Bergedorfer Briefmarken

Beitrag: Jürgen Sakuth

Es gab einmal eine „Beiderstädtische Schiffspost“. Allerdings nur kurze Zeit im Sommer 1865. „Flora“ hieß der Dampfer mit Schaufelrad. Mit Schaufelrad damit dieDove-Elbe, wenn er in ihr entlangschipperte durch Wellengang nicht überlief.

Morgens ging es mit dem Kondukteur an Bord von Curslack nach Hamburg und abends zurück, immer nach der jeweiligen Tide sich richtend. Für die weitere Beförderung sorgten dann die Landpostboten. Seit 1846 gab es die „Bergedorfer Landpost“,deren Einrichtung wohl auf den aktiven Bergedorfer Stadtschreibergehilfen Johann Heinrich Reppenhagen zurückgeht. Vorher hatten Bierfahrer und Brotkutscher gelegentlich die Post mitgenommen.

Für die offizielle „Bergedorfer Amtspost“ war der Königliche Postverwalter Franz Wilhelm Ludwig Paalzour zuständig. Durch diese „Bergedorfer Amtspost“ wurde die Privatpost zwischen Bergedorf und Hamburg befördert.

Vom 1. November 1861 bis 31. Dezember 1867 hatte Bergedorf eigene Briefmarken.
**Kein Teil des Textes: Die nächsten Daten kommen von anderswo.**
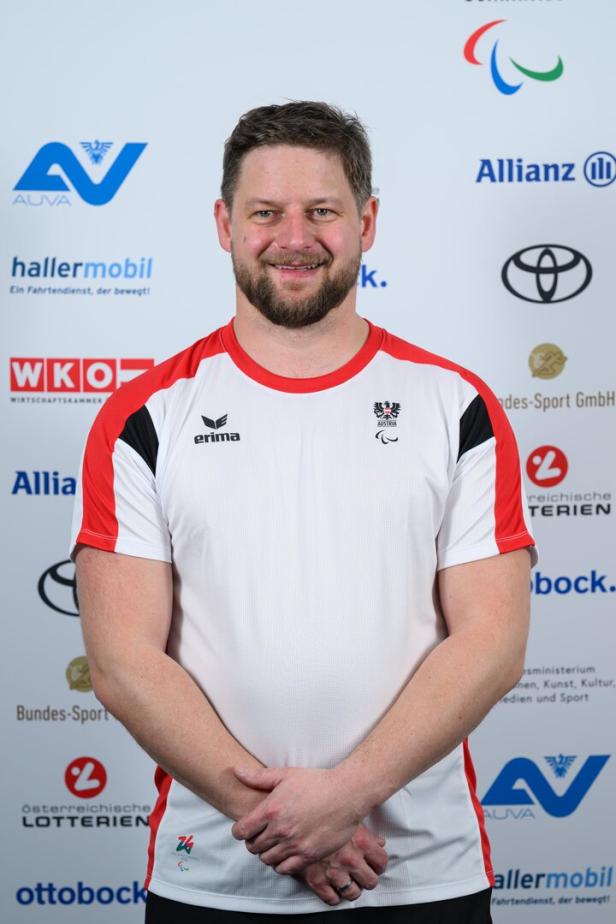 Michael Scharnagl trägt ein weißes Sporttrikot mit roten Akzenten und steht vor einer Sponsorenwand.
Es gab hellblaue und dunkelbaue 1/2 Schilling-, weiße 1 Schilling-, gelbe 1 1/2 Schiling-,blau auf rosafarbene 3 Schilling- und braune 4 Schillingmarken.

Sie unterschieden sich nicht nur in der Farbe, sonder auch in der Größe und hatten alle, eben als beiderstädtische Marken, als Motiv einen halben Lubischen Adler und ein halbes Hamburger Tor – je die Hälfte von den beiden Hansestädten. Darum standen, über die vier inneren Écken verteilt, die Buchstaben eingraviert LH PA. Das hieß Lübeck-Hamburger Postamt.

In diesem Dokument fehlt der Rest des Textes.